Jaume Pujol, arzobispo de Tarragona, escribe lo siguiente: Cada uno tiene un papel en la historia. Así como el arzobispo no puede parir hijos, la mujer no puede ser sacerdote. La imposibilidad de acceder al sacerdocio no es derivada de la posibilidad de parir a un hijo, como la imposibilidad de dar a luz no capacita para el mismo. Es patética disyuntiva de papeles.  El derrumbe de la capacidad intelectual del arzobispo resulta hiriente para la totalidad del episcopado. Al apoyar a Jaume Pujol en sus apreciaciones, es la jerarquía entera la que se somete al absurdo de un razonamiento que deja en evidencia la fragilidad de sus argumentos. El papel exclusivo de la mujer es cuidar a sus hijos y sobre todo “a su marido, que es el hijo más pequeño de la casa. Ya sabéis por qué lo digo”. Suena sección femenina, con su cuello blanco y su canesú.

Por su parte, el obispo de Córdoba, Demetrio Fernández, cae en una falsedad consciente, falaz e hipócrita cuando refiriéndose al aborto afirma que en España ha habido un millón de muertos a causa del aborto. “Más muertos que en la guerra, una guerra silenciosa en contra de la vida, que además es presentada en tono de progreso y que esconde todo un negocio de beneficios de millones de euros”. El obispo, imbuido de su papel de dictador de las conciencias humanas, tacha de criminales a todos los que ateniéndose a una legislación emanada de un parlamento civil,  laico y soberano otorga a las mujeres el derecho a defender su cuerpo como pertenencia de su ser en el mundo. Todos los que defiendan ese derecho son criminales de guerra que deberían ser juzgados como tales y condenados a las penas del infierno eterno pasando antes por los horrores de no se sabe qué torturas.

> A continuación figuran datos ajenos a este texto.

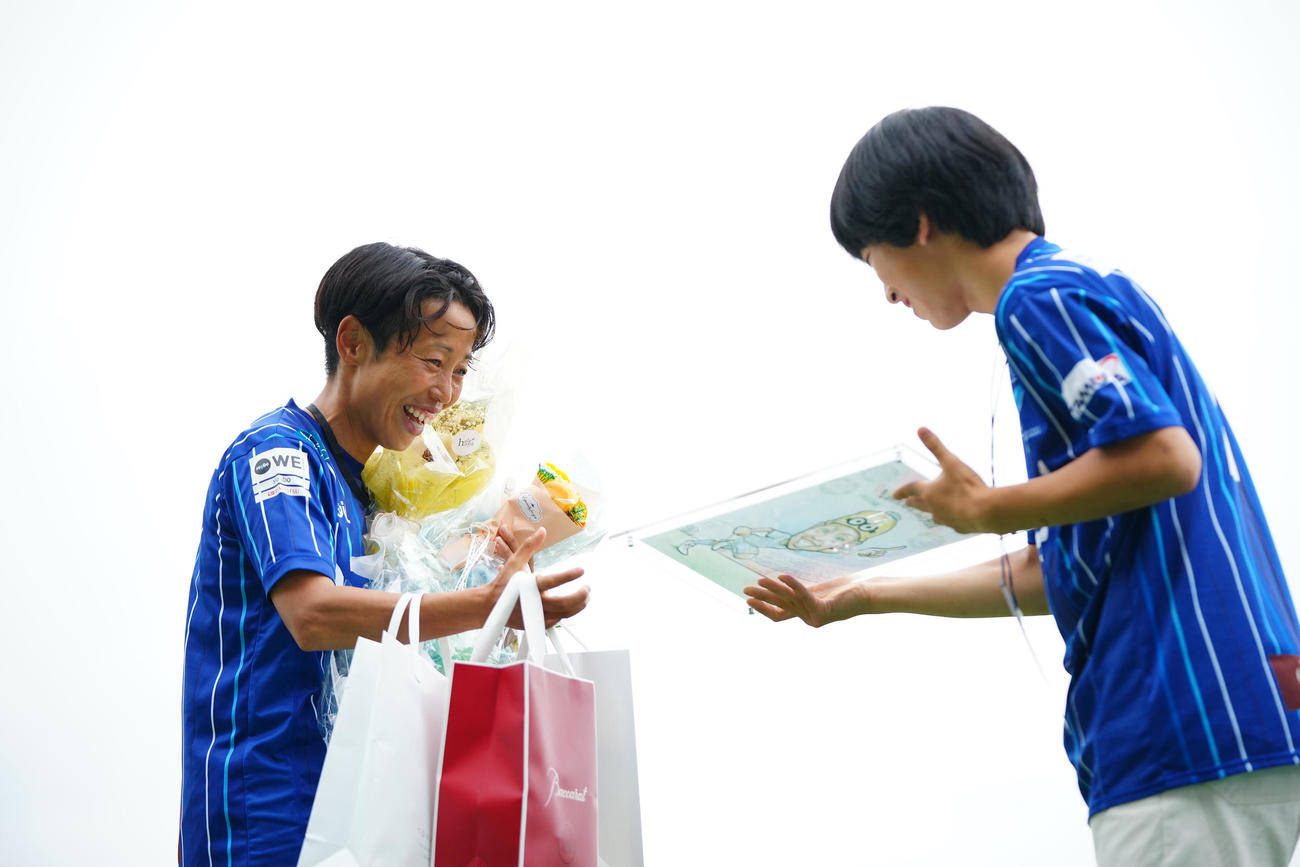 ちふれ埼玉対三菱重工浦和　試合後のセレモニーで家族たちから記念品を贈られ笑顔を見せるちふれ埼玉山本（左）（撮影・垰建太）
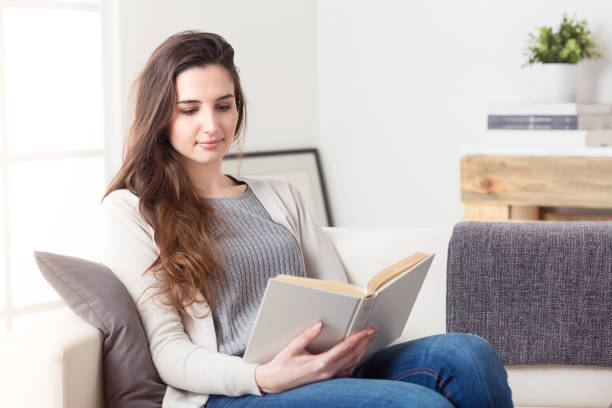 istock Woman reading a book sitting on a couch at home 951983416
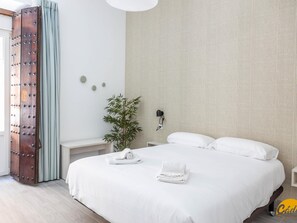 Una habitación de hotel moderna con una cama grande, una mesita de noche, una lámpara de pared y una planta en maceta.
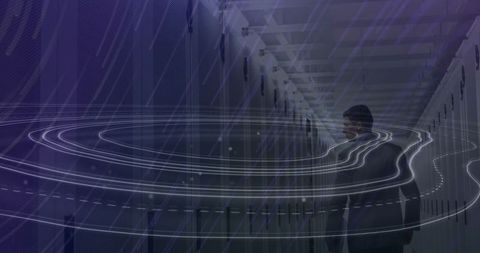 Engineer Walking in Data Center with Futuristic Overlay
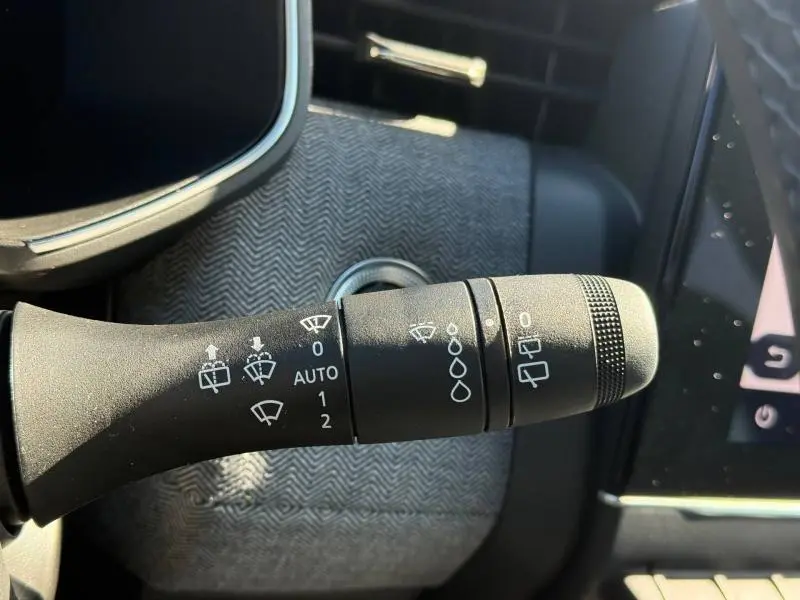 Gros plan sur la commande des essuie-glaces dans l’habitacle d’une Renault Clio 1.0 TCe 90ch Techno 2025, intérieur gris.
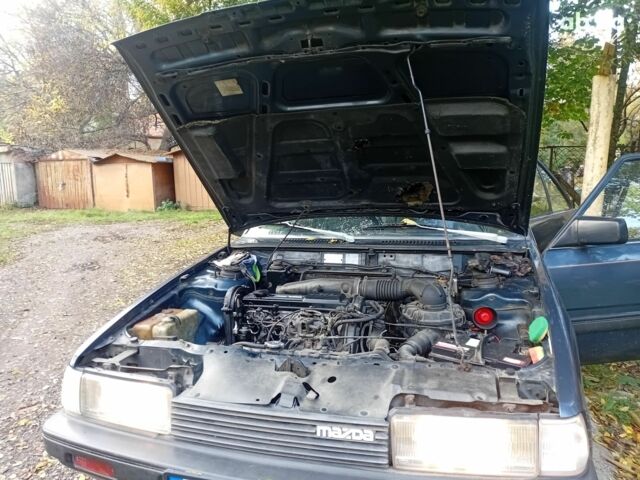 Синий Мазда 626, объемом двигателя 2 л и пробегом 387 тыс. км за 1500 $, фото 11 на Automoto.ua
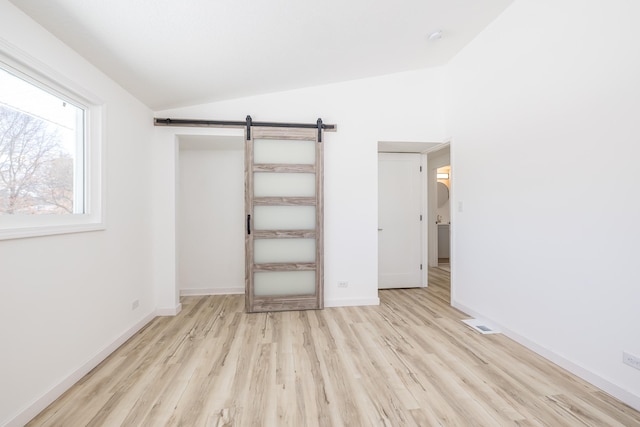 unfurnished bedroom featuring vaulted ceiling, a barn door, and light wood-type flooring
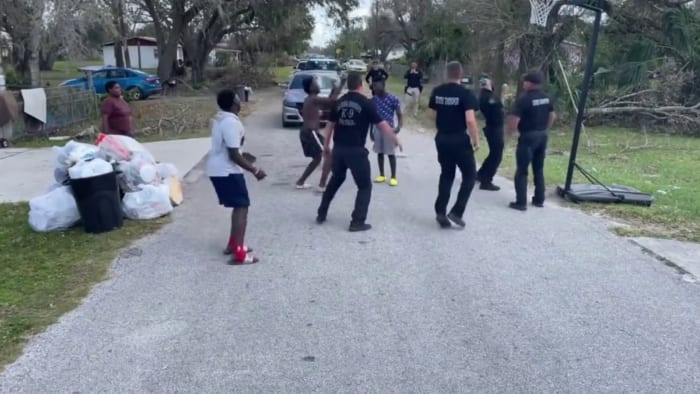 Video: Florida troopers take break from Hurricane Relief to play basketball with local kids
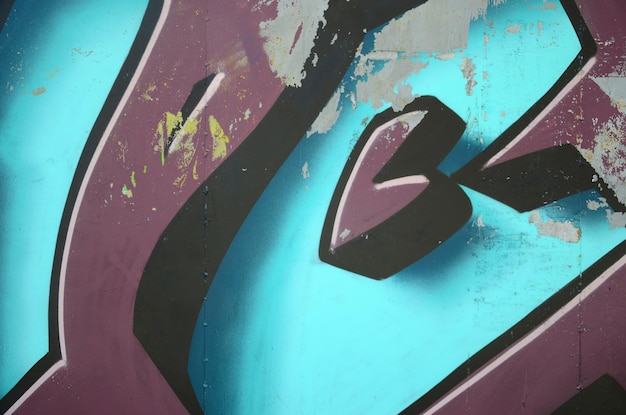 Фото Фрагмент рисунков граффити старая стена украшена пятнами краски в стиле уличной культуры цветной текстуры фона в холодных тонах
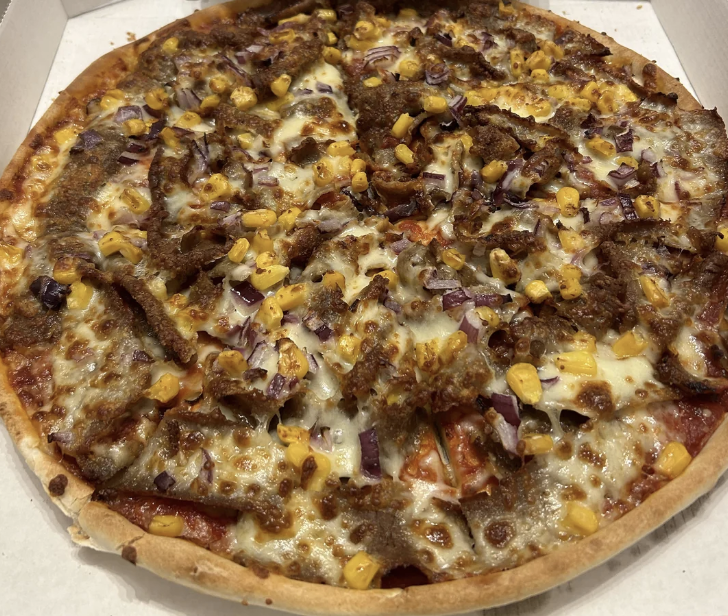 Close-up of a cooked pizza topped with beef, corn, onions, and melted cheese in a cardboard box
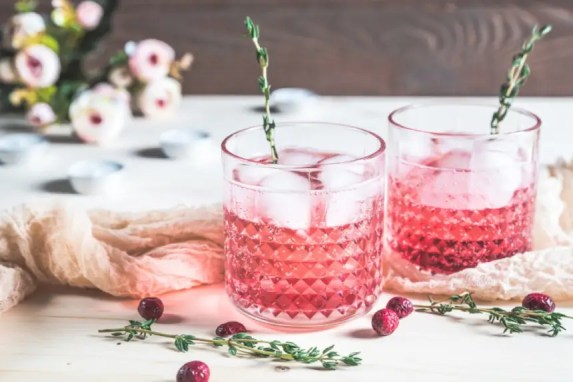 Two pink cranberry cocktails with thyme sprigs in textured glasses
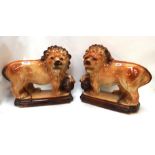 A pair of Bo'Ness pottery lions Condition Report: Available upon request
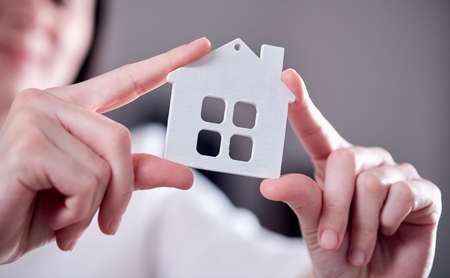 Hand Holding White Icon Houseの写真素材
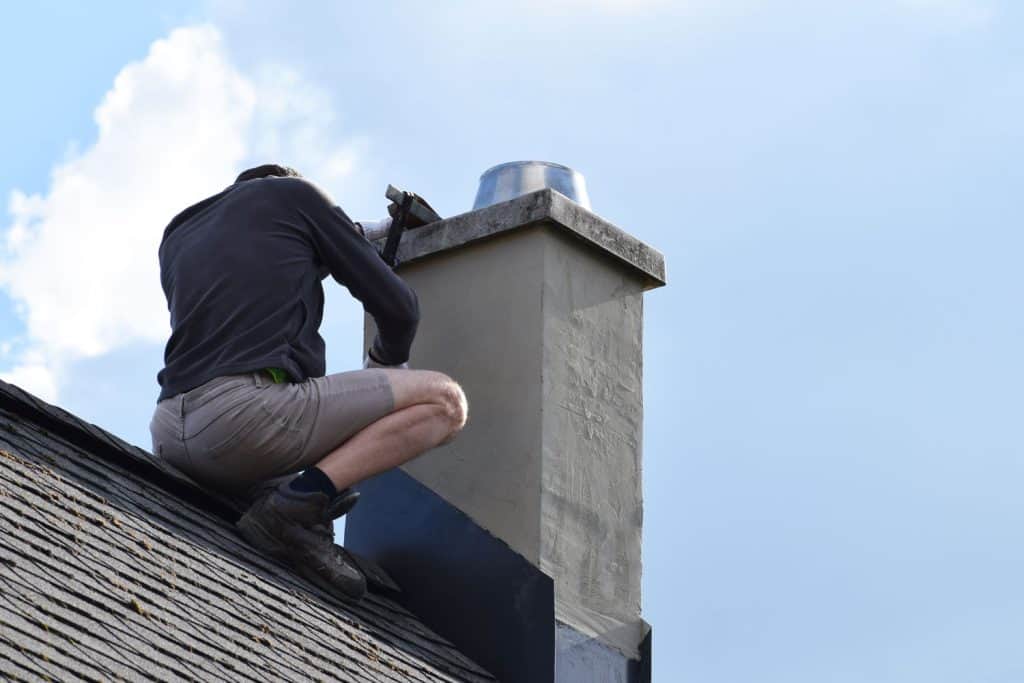 Roofer install the flashing on the chimney for water proofing
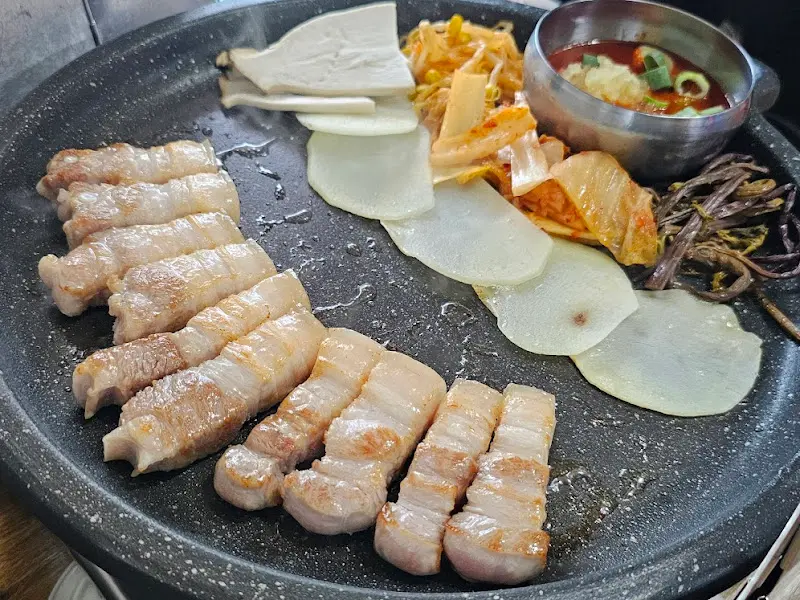 잘 구워진 오겹살과 гарнир крупным планом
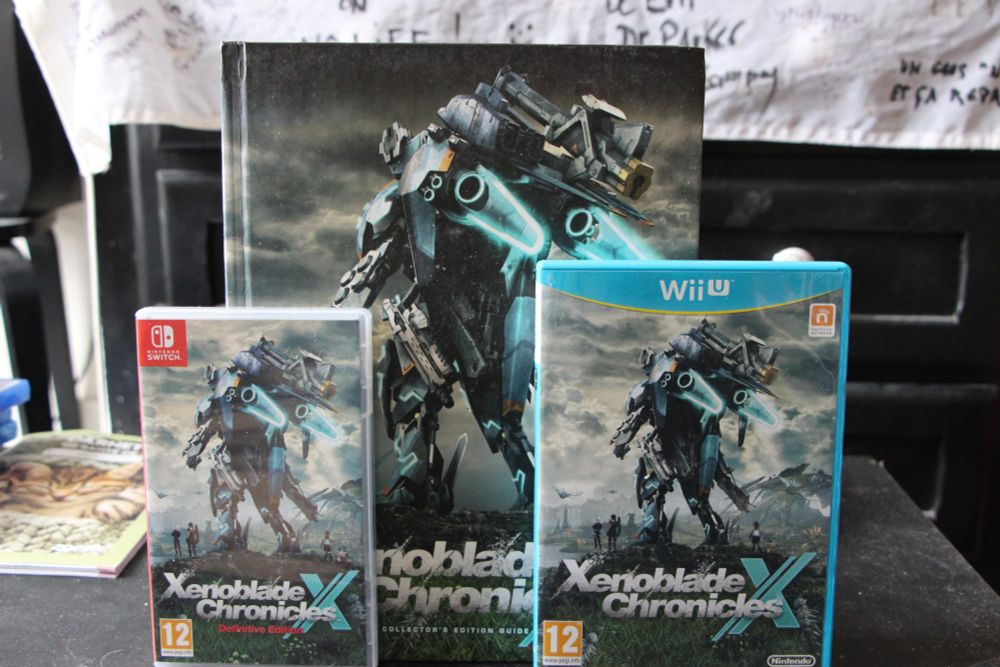 Image montrant au premier plan Xenoblade Chronicles X Definitive Edition sur Switch, Xenoblade Chronicles X  sur Wii U et le guide stratégique sorti en anglais il y a  10 ans derrière.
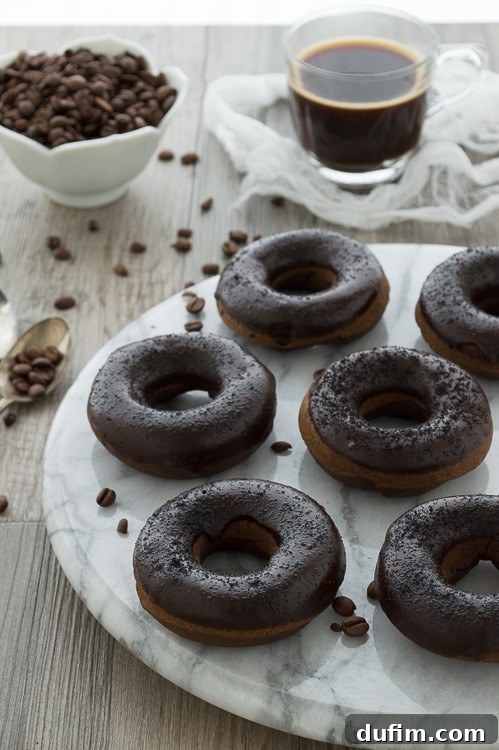 Brewed and Baked Bliss 4 A stack of three glistening coffee donuts, elegantly garnished with whole coffee beans and espresso grounds, emphasizing their rich and authentic coffee flavor.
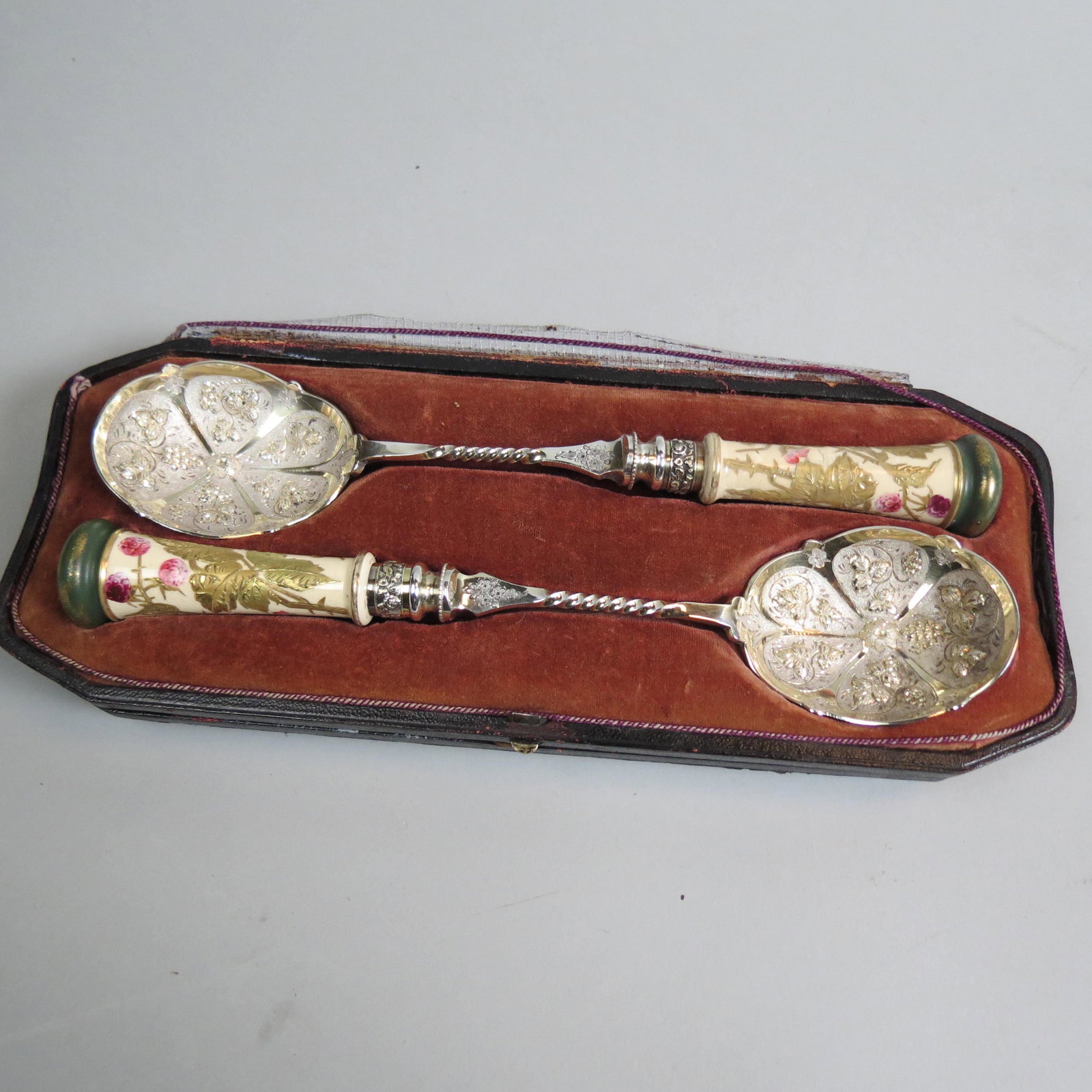 Pair of English Victorian Silverplate Berry Spoons: hand painted porcelain handles with berries and gold leaves, twist handles, elaborate gold wash bowls, 10" long, in original box.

La sexualidad no es en ningún momento contemplada por la Iglesia como fuente de placer, de éxtasis, de comunión entre dos seres. Sólo el dolor y el sufrimiento son fuentes de santidad, de bondad, de grandeza humana. En consecuencia, el sexo sólo es concebido como intencionalidad de procreación, de reproducción, de continuidad de la especie. Apretar el cilicio es más dignificante que el crujido de unos labios extasiados en el beso. La degradación de nuestros mitrados llega a extremos risibles, si no fueran tan absurdos.

Los humanos no entendemos hoy la dignidad de nuestra existencia sin conformarla desde la libertad como derecho irrenunciable. Nadie nos puede arrebatar ese derecho. Hemos sufrido dictaduras terribles que nos ahorcaron el pensamiento, la iniciativa. No estamos dispuestos a que ninguna otra dictadura  nos arrebate lo que tanto nos ha costado conseguir.

Cuando las mitras se empeñan en destruir los derechos humanos más elementales no se tienen que extrañar de la lejanía que el hombre marca entre su doctrina y su quehacer. Los obispos deben ser conscientes de que cuando se despojan de sus mitras, los demás constatamos que están huecas.